Even before George W. Bush can settle into his new house in Dallas, his legacy on the environment is being dismantled by his replacement in the White House.
In less than two months, President Obama has put on hold Bush's plans for power-plant pollution, offshore oil drilling, nuclear waste storage and endangered species.
The Obama team has rolled out policies Bush officials delayed, such as requiring higher energy efficiency from appliances.
Such moves have significant impacts and not just on the environment. They could affect electric bills, gas prices and the time it takes to build highways, dams and bridges.
For now, the decisions are winning plaudits from green groups — "swift and strong leadership," the Natural Resources Defense Council gushed last month — but experts such as Christopher McGrory Klyza of Middlebury College say the Obama team's hard work is only beginning.

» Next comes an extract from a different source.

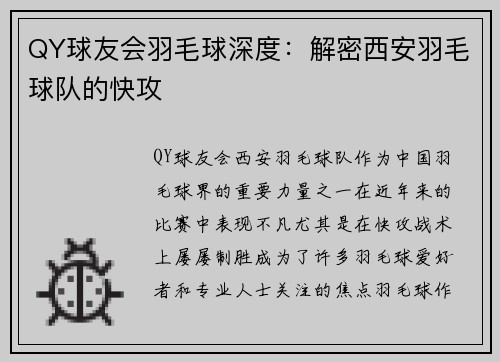 QY球友会羽毛球深度：解密西安羽毛球队的快攻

The reversals undertaken "are the easiest things to move quickly on," says Klyza, co-author of a book on presidential environmental policy.
The hard work, such as filling in the details of how Obama will keep his campaign pledge to cut global warming gases 80% by 2050, lies in front of the new administration.
Christie Whitman, Bush's first chief of the Environmental Protection Agency, knows firsthand how hard that work can be, and she says it will be even harder for Obama. The time and political capital Obama will have to expend on the economic crisis will "make it much more complicated" for him to achieve his environmental and energy goals, Whitman says.
"They're hard enough anyway," she says.
Although Obama has the advantage of a Democratic-controlled Congress, party affiliation counts less than regional politics on many of the issues he wants to tackle. Democrats from heavily industrial Midwestern states, for example, are less eager to sign on to legislation to combat global warming.
"Whether they are Republicans or Democrats, they tend to be concerned about economic effects on their own states," says Reid Detchon of the non-partisan Energy Future Coalition, which promotes renewable energy.
In the budget unveiled Feb. 26 and in numerous pronouncements by Cabinet officials, the Obama administration has started to sketch out its environmental platform, but details are in short supply.
For example, the president's budget does not fund the Energy Department's plan to store nuclear waste at Yucca Mountain in Nevada.
The federal government has spent more than 25 years and $13 billion investigating a place to store highly radioactive waste.
Yucca was not likely to open until 2020, despite a 1998 deadline set by Congress for the government to take charge of nuclear waste. Obama's position could further delay finding a final resting place for the radioactive materials piling up at the nation's nuclear plants.
Some experts, such as Robert Alvarez, a top Energy Department official during the Clinton administration, want the government to pick a new site for storing the waste. Alvarez recognizes the political difficulties ahead. "Everybody will just get angry if they learn their backyard might be a candidate site," he says.
The budget assumes passage of a law to curb emissions of the gases responsible for global warming.
Obama wants Congress to pass a bill that would set a strict cap on emissions. Companies would be required to pay the government for the right to emit global warming pollutants.